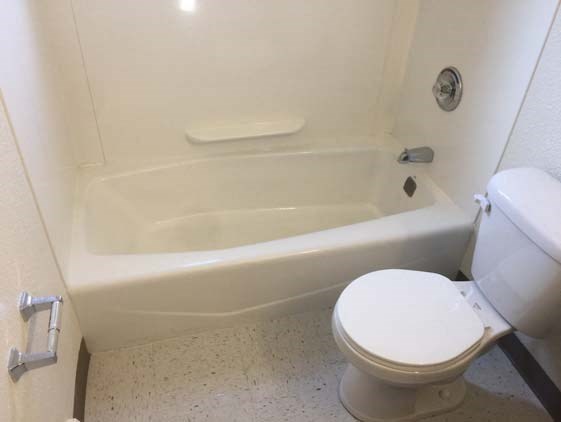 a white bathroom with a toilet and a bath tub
========
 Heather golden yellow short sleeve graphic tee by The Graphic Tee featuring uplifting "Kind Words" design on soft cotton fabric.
========
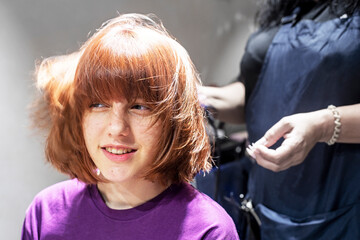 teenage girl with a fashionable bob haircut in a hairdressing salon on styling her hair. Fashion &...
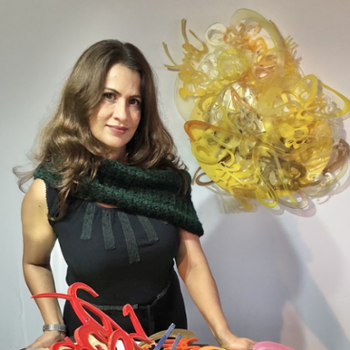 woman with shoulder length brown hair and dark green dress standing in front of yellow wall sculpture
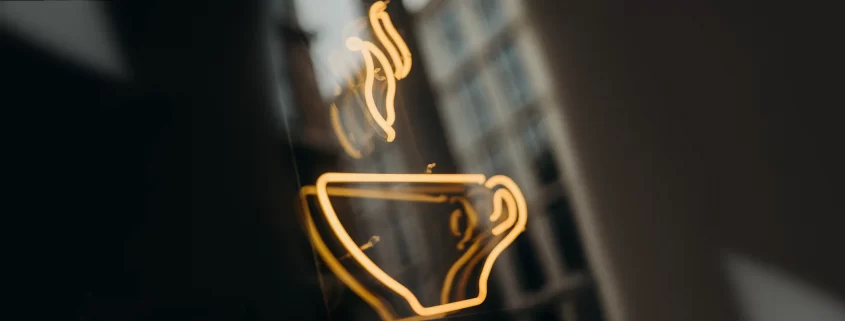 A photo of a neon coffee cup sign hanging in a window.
========
* EXERCISE DETAILS
Every line above from the one with "woman with shoulder" down to the one with "A photo of a" must be written out exactly, and no picture may appear.

* ANSWER TO THIS TASK
 woman with shoulder length brown hair and dark green dress standing in front of yellow wall sculpture
 A photo of a neon coffee cup sign hanging in a window.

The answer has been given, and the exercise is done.